+++ RECORDS SHOWN

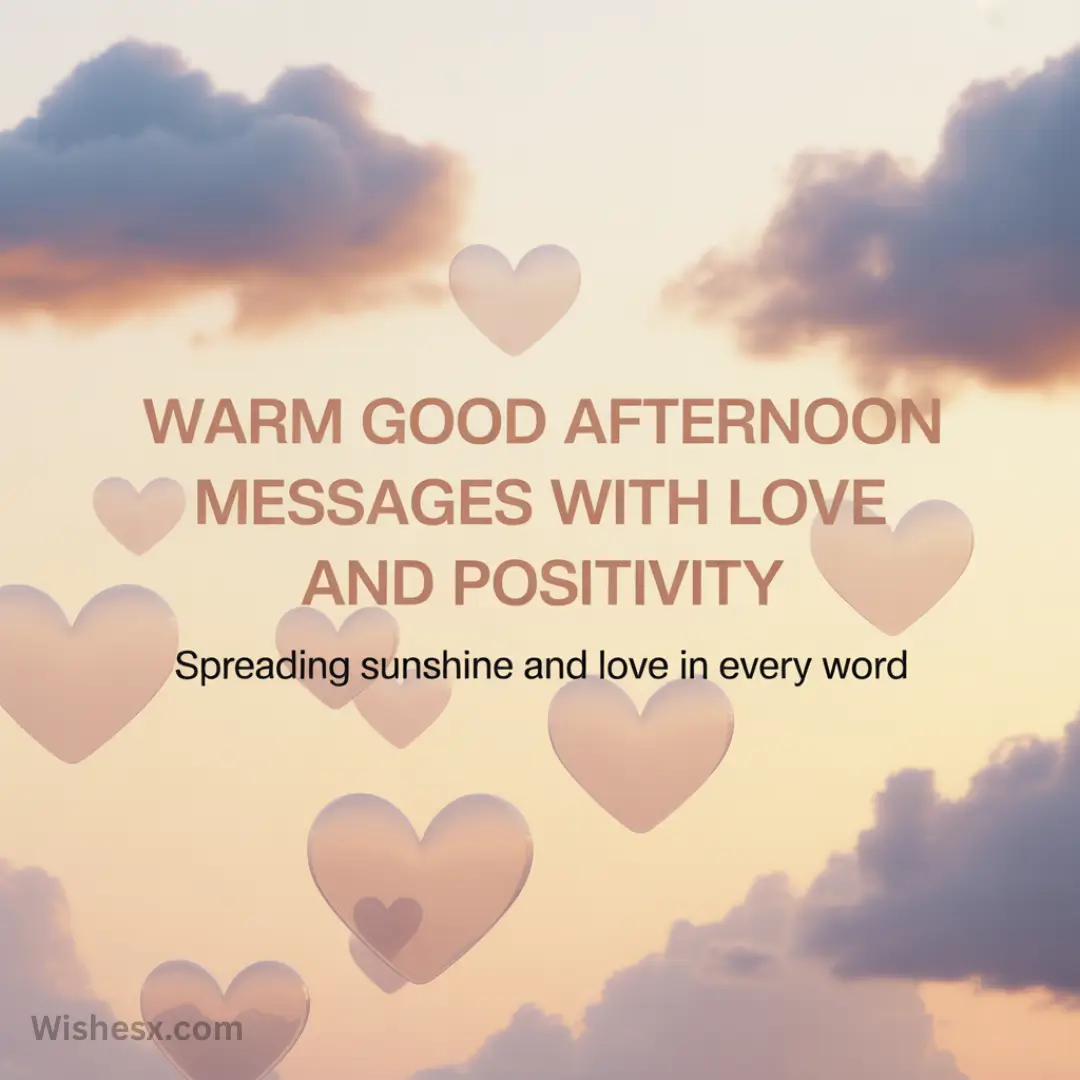 A serene sky with soft clouds and pink hearts. Text reads "Warm Good Afternoon Messages with Love and Positivity" and "Spreading sunshine and love in every word."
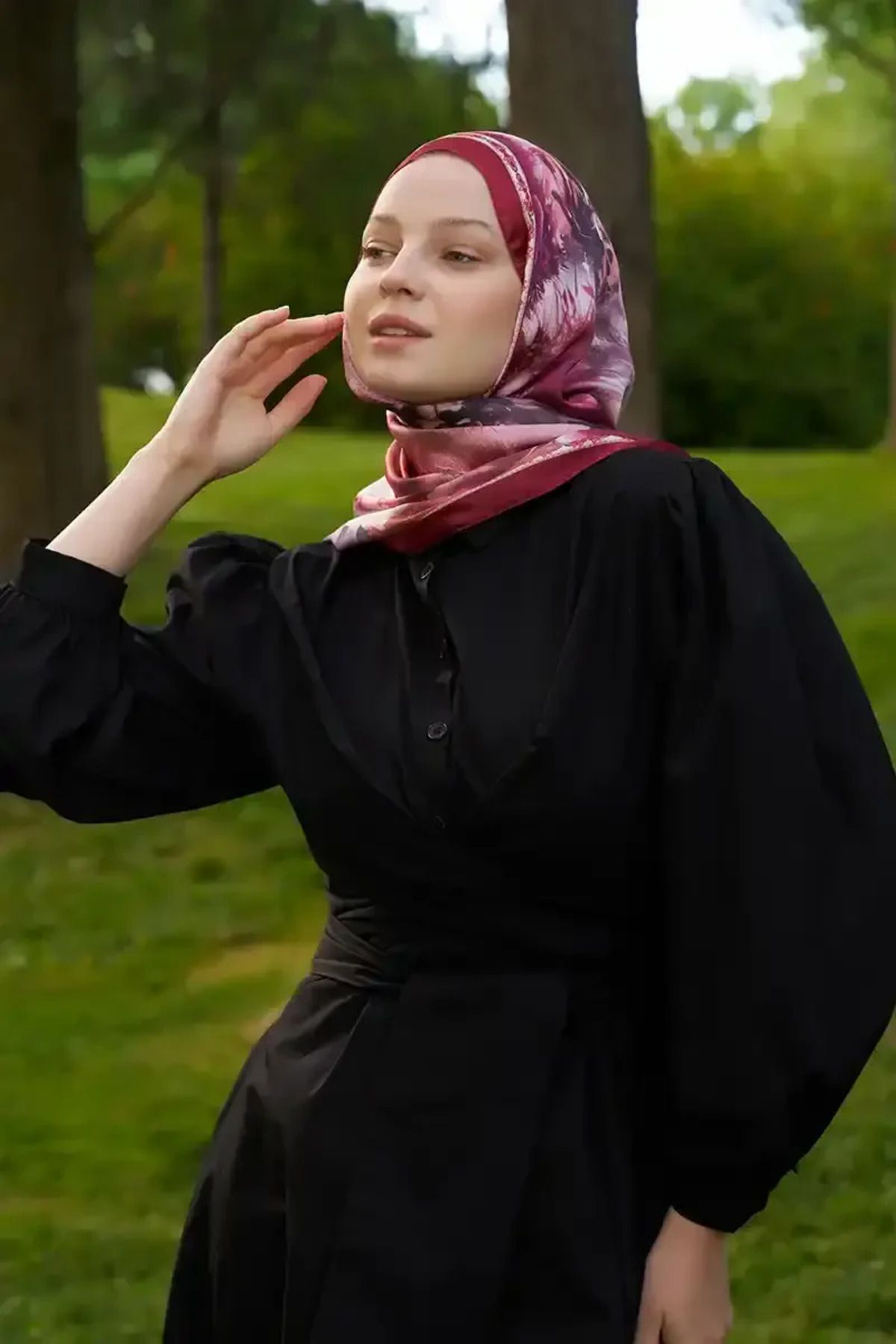 Madame Polo Crystal Perla Desen Şal - Kırmızı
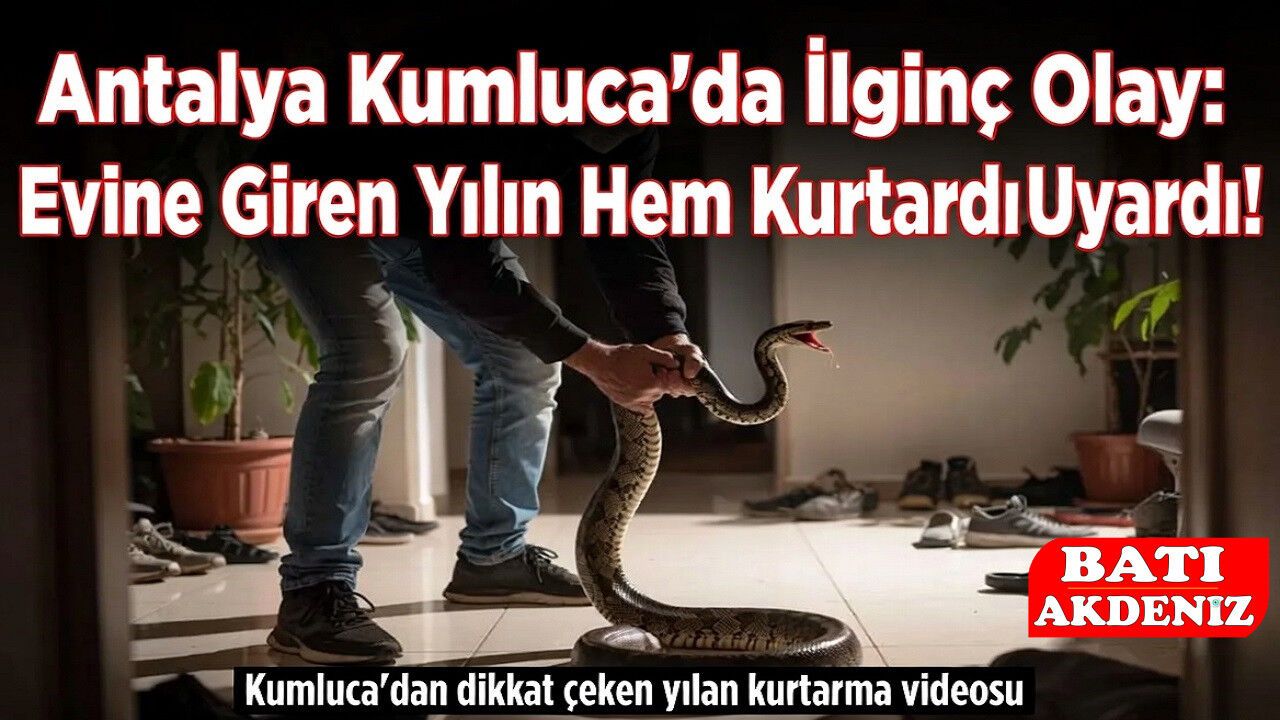 Antalya Kumluca'da İlginç Olay: Evine Giren Yılanı Hem Kurta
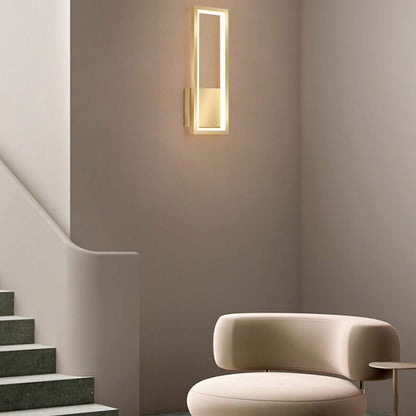 Light Rectangular Hollow Ring Design LED Wall Sconce Lamp
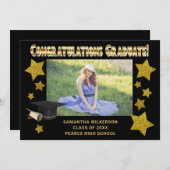 Zwarte en gouden glitterstrips Afstuderen Aankondiging (Voorkant / Achterkant)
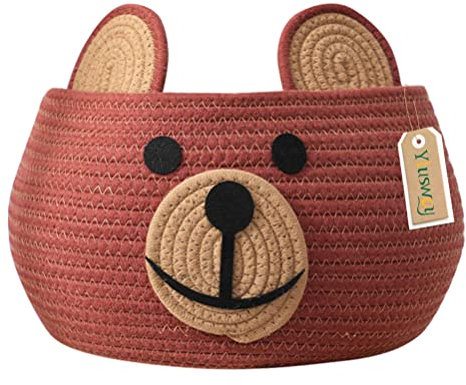 Yiuswoy Baumwollseilkorb Geflochtener Bär Aufbewahrungskorb Multifunktionelle Organizer Körbe für Baby Accessoires, Schminke, Schlüssel (Braun)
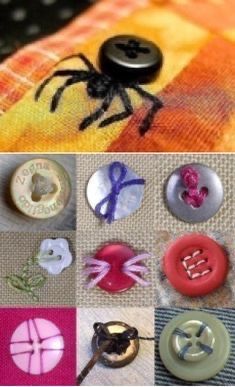 Detail Couture, Motifs Perler, 자수 디자인, Diy Sewing Clothes, Button Art, Button Crafts, Crazy Quilts, Embroidery And Stitching, Cute Crafts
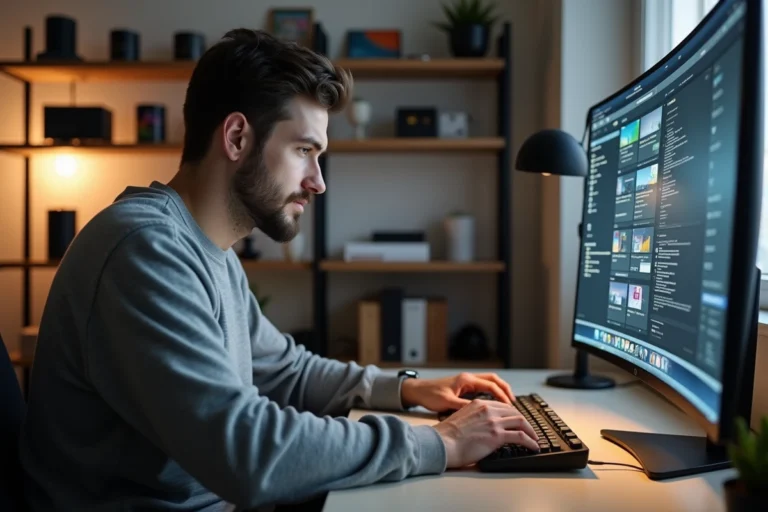 Homme geek travaillant sur un large écran ultrawide avec gadgets tech dans un bureau minimaliste moderne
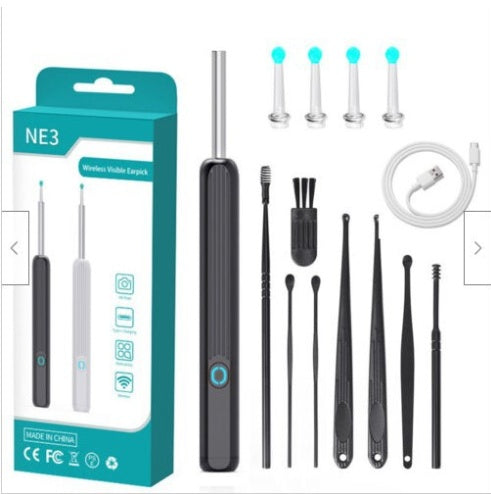 Oreillette endoscopique NE3 sans fil avec caméra et lumière LED, kit de nettoyage de cérumen pour iPhone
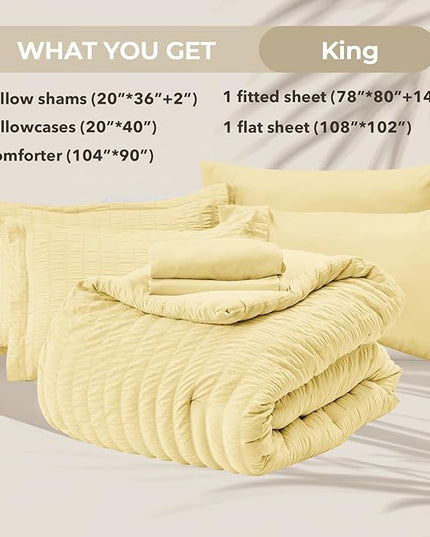 HYMOKEGE Yellow King Size Comforter Set Seersucker 7 Pieces, All Season Luxury Bed in a Bag for Bedroom, Bedding Set with Comforter, Sheets, Pillowcases & Shams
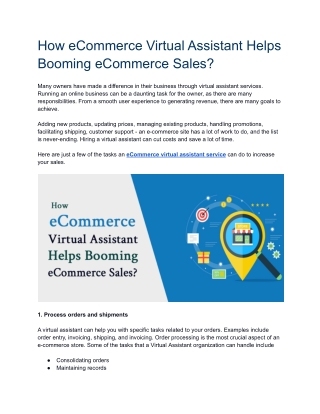 How eCommerce Virtual Assistant Helps Booming eCommerce Sales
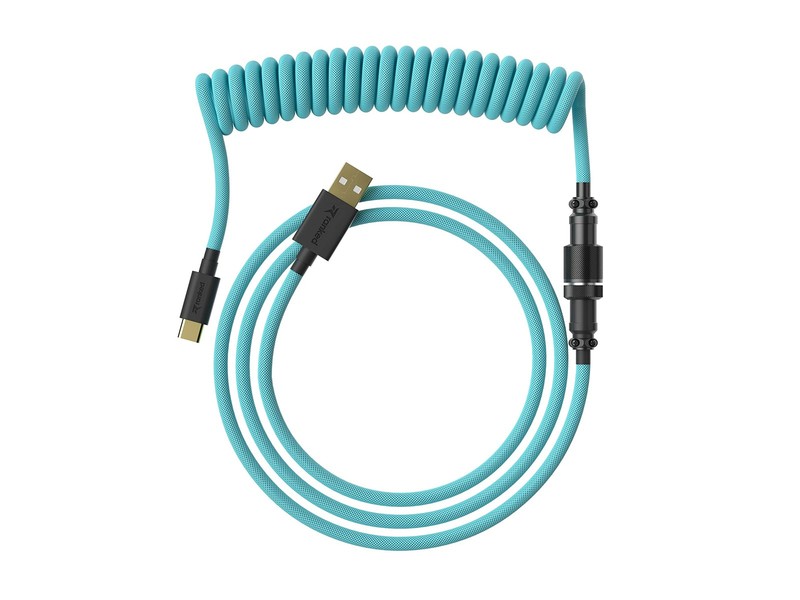 1 PC Coiled Keyboard Cable Double Sleeved 5Pin Aviator USB C To A Blue 20W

++++++

TASK PROMPT> Drop the pictures and copy the data exactly.

EXERCISE ANSWER>
 A serene sky with soft clouds and pink hearts. Text reads "Warm Good Afternoon Messages with Love and Positivity" and "Spreading sunshine and love in every word."
 Madame Polo Crystal Perla Desen Şal - Kırmızı
 Antalya Kumluca'da İlginç Olay: Evine Giren Yılanı Hem Kurta
 Light Rectangular Hollow Ring Design LED Wall Sconce Lamp
 Zwarte en gouden glitterstrips Afstuderen Aankondiging (Voorkant / Achterkant)
 Yiuswoy Baumwollseilkorb Geflochtener Bär Aufbewahrungskorb Multifunktionelle Organizer Körbe für Baby Accessoires, Schminke, Schlüssel (Braun)
 Detail Couture, Motifs Perler, 자수 디자인, Diy Sewing Clothes, Button Art, Button Crafts, Crazy Quilts, Embroidery And Stitching, Cute Crafts
 Homme geek travaillant sur un large écran ultrawide avec gadgets tech dans un bureau minimaliste moderne
 Oreillette endoscopique NE3 sans fil avec caméra et lumière LED, kit de nettoyage de cérumen pour iPhone
 HYMOKEGE Yellow King Size Comforter Set Seersucker 7 Pieces, All Season Luxury Bed in a Bag for Bedroom, Bedding Set with Comforter, Sheets, Pillowcases & Shams
 How eCommerce Virtual Assistant Helps Booming eCommerce Sales
 1 PC Coiled Keyboard Cable Double Sleeved 5Pin Aviator USB C To A Blue 20W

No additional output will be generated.